:: Goal of the exercise ::
Copy exactly the lines of the material below that run from the one containing "211 Golden Run Drive Fate TX 75189" through the one containing "Abant Lotus Otel Deluxe Room, Jetted Tub 2". Copy no other lines.

--- Given entries Enclosed Below ---

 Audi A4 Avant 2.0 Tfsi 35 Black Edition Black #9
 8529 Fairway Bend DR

--- End of Enclosed Given entries ---
--- Given entries Enclosed Below ---

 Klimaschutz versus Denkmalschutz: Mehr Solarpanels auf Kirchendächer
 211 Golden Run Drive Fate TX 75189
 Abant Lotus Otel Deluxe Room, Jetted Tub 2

--- End of Enclosed Given entries ---

:: Written answer ::
 211 Golden Run Drive Fate TX 75189
 Abant Lotus Otel Deluxe Room, Jetted Tub 2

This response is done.